The cooling unit is connected to the main body 210 accommodating the refrigerant 218, the refrigerant pump 220 circulating the refrigerant 218, the refrigerant pump 220, and a suction pipe for sucking the refrigerant 218 from the main body 210. The main body 230 includes a heat exchanger 240 for cooling the refrigerant 218 supplied from the refrigerant pump 220, and a refrigerant 218 connected to the refrigerant pump 220 and cooled by the heat exchanger 240. And a discharge pipe 250 for discharging to 210.

The main body 210 has an outer container 212 forming an outer appearance, an inner container 214 provided inside the outer container 212 and containing a receiving portion for receiving the refrigerant 218, and an outer container 212 and the inner portion. Insulating material 216 is interposed between the container 214, the outer container 212 is characterized in that the drum shape.
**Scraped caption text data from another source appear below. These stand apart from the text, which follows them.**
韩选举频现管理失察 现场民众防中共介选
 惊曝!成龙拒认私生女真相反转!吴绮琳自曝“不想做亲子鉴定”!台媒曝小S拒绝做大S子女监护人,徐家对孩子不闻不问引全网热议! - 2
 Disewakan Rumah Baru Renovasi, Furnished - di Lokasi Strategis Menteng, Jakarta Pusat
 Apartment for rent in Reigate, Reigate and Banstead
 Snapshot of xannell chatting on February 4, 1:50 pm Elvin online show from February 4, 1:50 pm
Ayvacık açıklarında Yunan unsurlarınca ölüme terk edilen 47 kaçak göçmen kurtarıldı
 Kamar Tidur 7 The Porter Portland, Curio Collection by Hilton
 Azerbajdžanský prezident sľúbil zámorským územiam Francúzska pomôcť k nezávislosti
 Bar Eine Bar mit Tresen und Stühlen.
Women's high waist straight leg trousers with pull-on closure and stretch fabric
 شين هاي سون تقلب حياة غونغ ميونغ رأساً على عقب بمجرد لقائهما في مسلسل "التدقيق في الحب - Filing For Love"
In addition, the suction pipe 230, the discharge pipe 250, and the like are provided inside the main body 210.

In order to keep the inside of the main body 210 at a low temperature, it is necessary to prevent intrusion of heat from the outside. Therefore, by providing a heat insulator 216 between the outer container 212 and the inner container 214 to increase the cooling efficiency by the heat insulation, it is possible to maximize the cold air held by the refrigerant 218.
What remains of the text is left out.